*** Given data

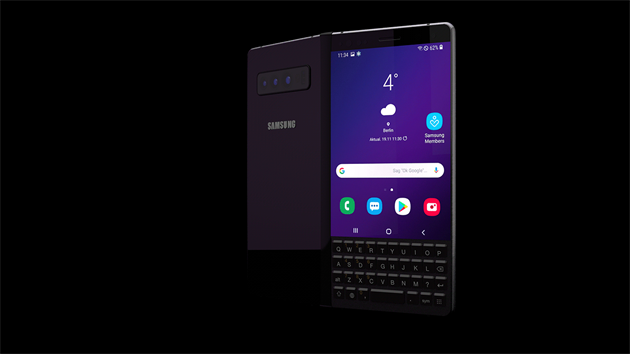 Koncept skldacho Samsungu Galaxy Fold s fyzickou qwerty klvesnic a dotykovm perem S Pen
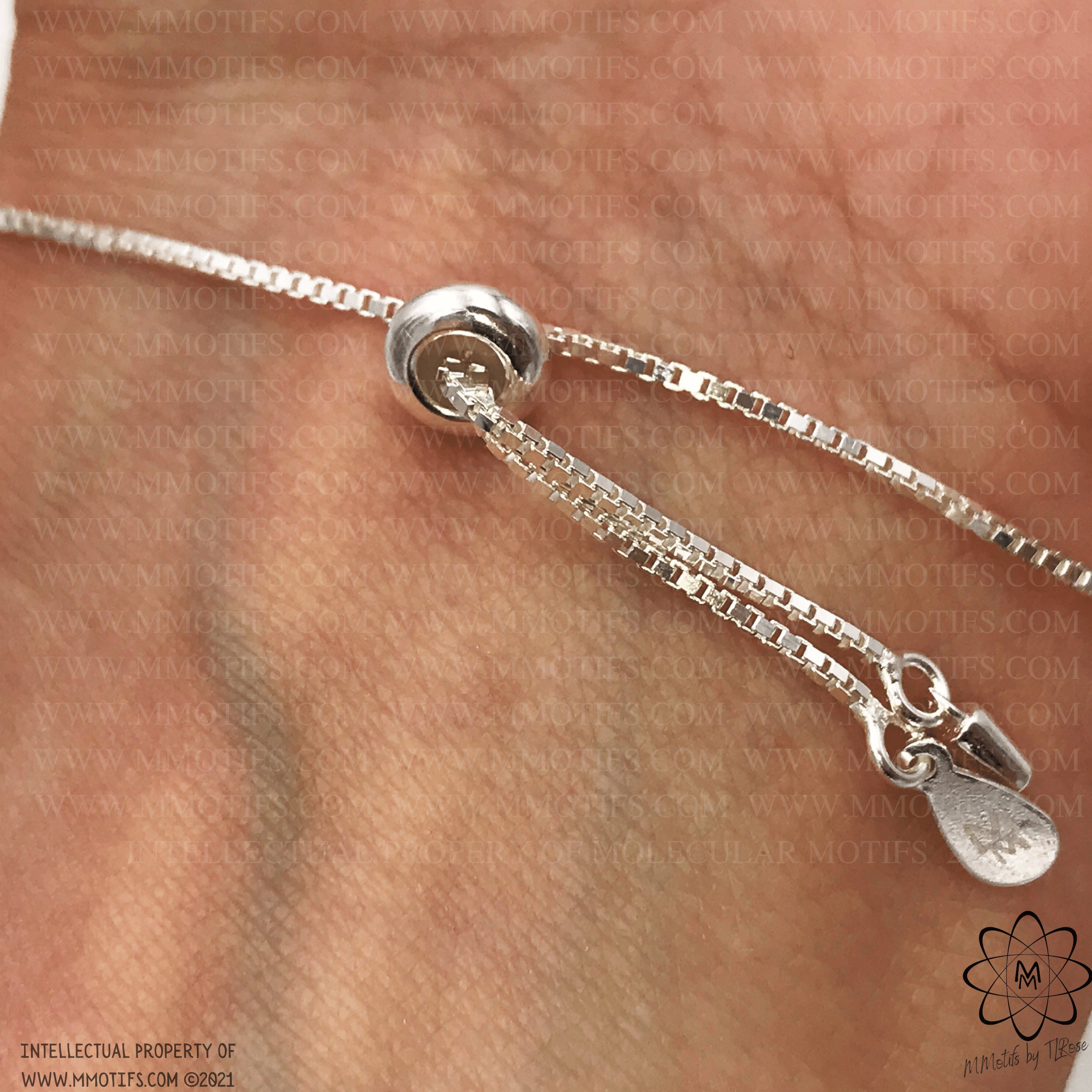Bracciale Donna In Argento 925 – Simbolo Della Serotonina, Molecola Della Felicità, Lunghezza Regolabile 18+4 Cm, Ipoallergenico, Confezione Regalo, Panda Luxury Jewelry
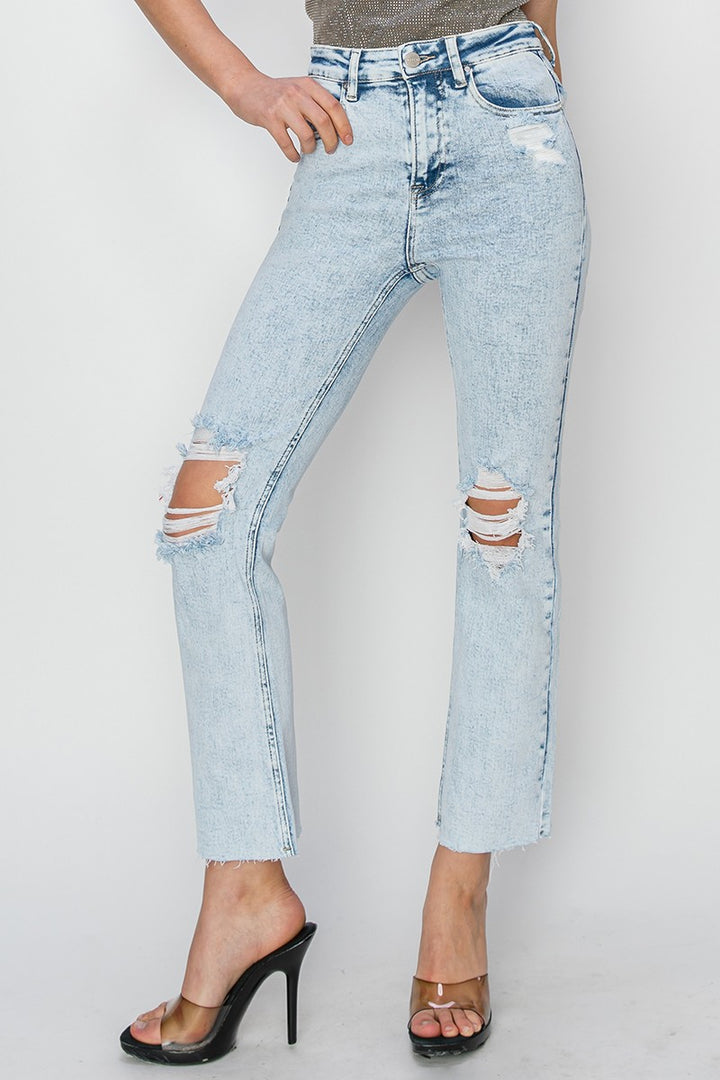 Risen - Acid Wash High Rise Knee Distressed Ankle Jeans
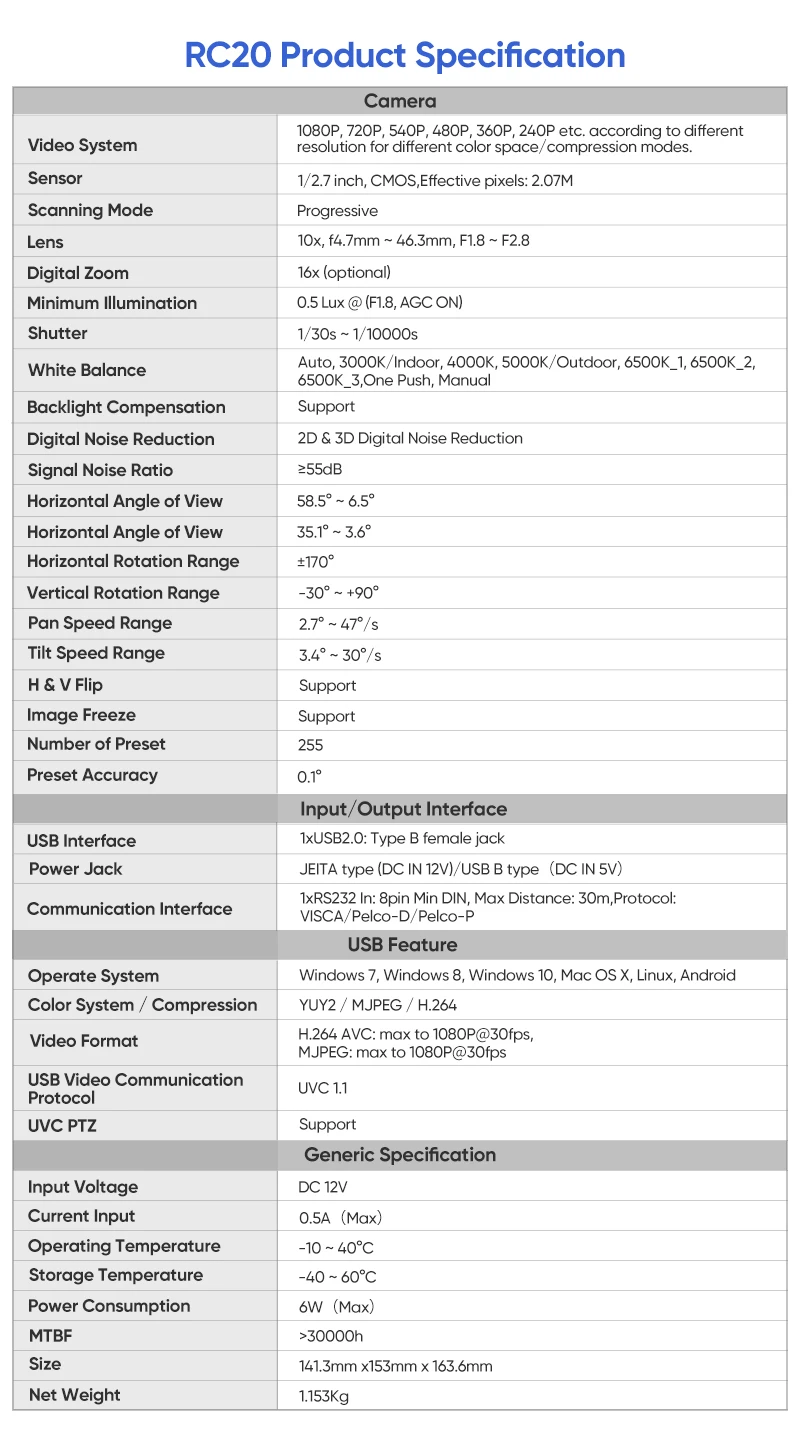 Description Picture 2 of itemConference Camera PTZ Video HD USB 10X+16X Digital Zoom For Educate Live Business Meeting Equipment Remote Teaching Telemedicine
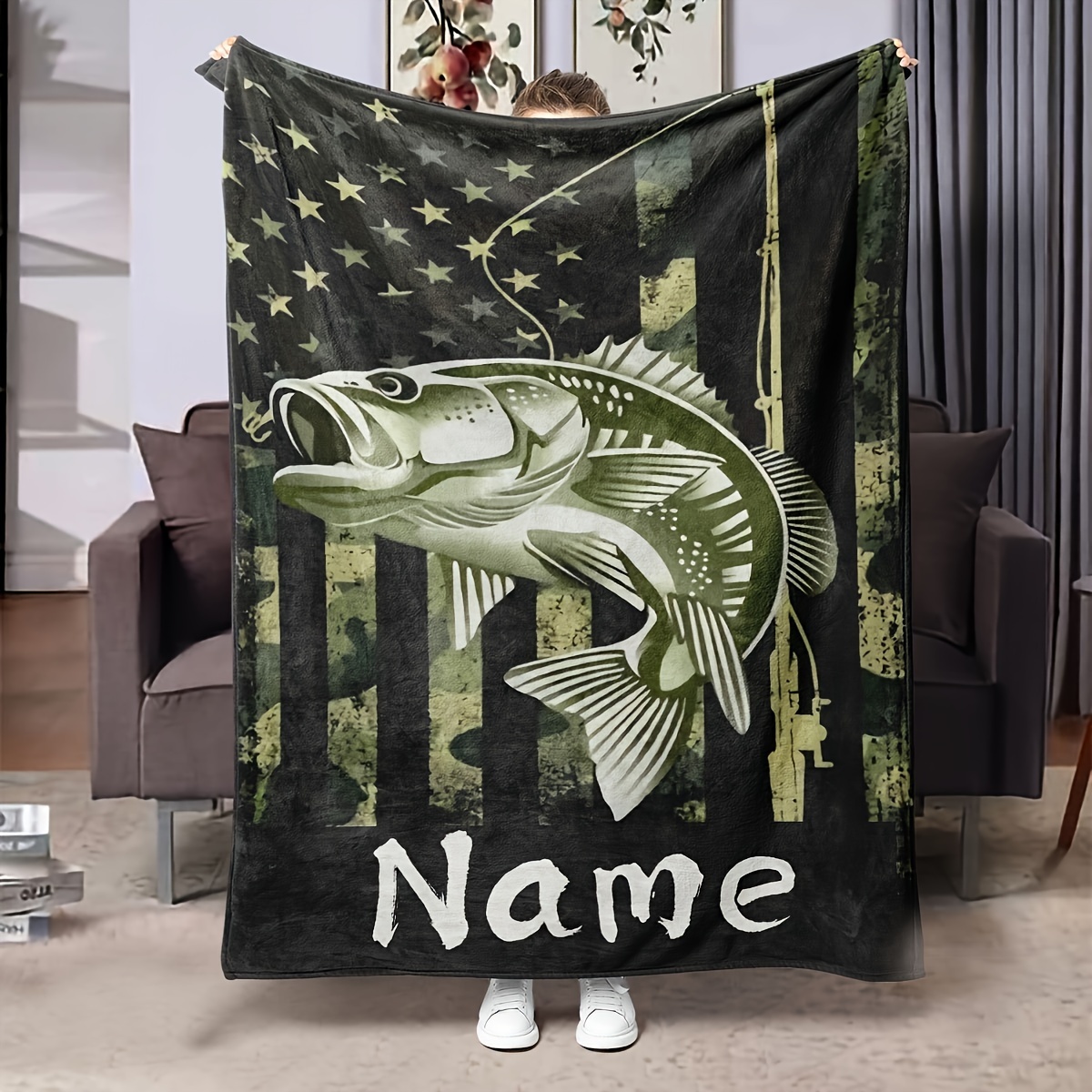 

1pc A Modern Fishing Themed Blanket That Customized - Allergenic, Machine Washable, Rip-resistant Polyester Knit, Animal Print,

******

### What this task involves
Copy out nothing but text: transcribe the listing exactly and skip each picture.

### Exercise solution
 Koncept skldacho Samsungu Galaxy Fold s fyzickou qwerty klvesnic a dotykovm perem S Pen
Bracciale Donna In Argento 925 – Simbolo Della Serotonina, Molecola Della Felicità, Lunghezza Regolabile 18+4 Cm, Ipoallergenico, Confezione Regalo, Panda Luxury Jewelry
 Risen - Acid Wash High Rise Knee Distressed Ankle Jeans
 Description Picture 2 of itemConference Camera PTZ Video HD USB 10X+16X Digital Zoom For Educate Live Business Meeting Equipment Remote Teaching Telemedicine

1pc A Modern Fishing Themed Blanket That Customized - Allergenic, Machine Washable, Rip-resistant Polyester Knit, Animal Print,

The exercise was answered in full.